Would you please return the lines of the entries below starting at the line that has "iv. Πολύ ήπια τοποθέτηση" and ending at the line that has "3. Τοποθέτηση Foley με συγκατάθεση;", both included, exactly as they are?

▸ ENTRIES PROVIDED:
'''

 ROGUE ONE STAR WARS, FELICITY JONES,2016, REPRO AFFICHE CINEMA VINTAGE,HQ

'''
'''

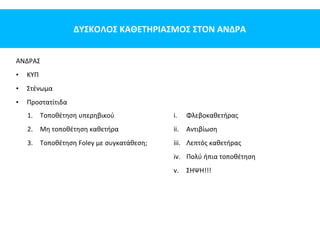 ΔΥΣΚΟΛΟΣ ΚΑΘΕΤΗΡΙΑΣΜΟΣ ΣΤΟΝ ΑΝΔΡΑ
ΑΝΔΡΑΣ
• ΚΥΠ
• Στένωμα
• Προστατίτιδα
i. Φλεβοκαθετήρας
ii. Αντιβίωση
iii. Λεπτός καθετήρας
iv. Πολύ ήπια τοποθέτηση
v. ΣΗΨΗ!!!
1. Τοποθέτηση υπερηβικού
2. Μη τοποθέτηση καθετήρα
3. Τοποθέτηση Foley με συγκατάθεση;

'''

▸ WRITTEN SOLUTION:
iv. Πολύ ήπια τοποθέτηση
v. ΣΗΨΗ!!!
1. Τοποθέτηση υπερηβικού
2. Μη τοποθέτηση καθετήρα
3. Τοποθέτηση Foley με συγκατάθεση;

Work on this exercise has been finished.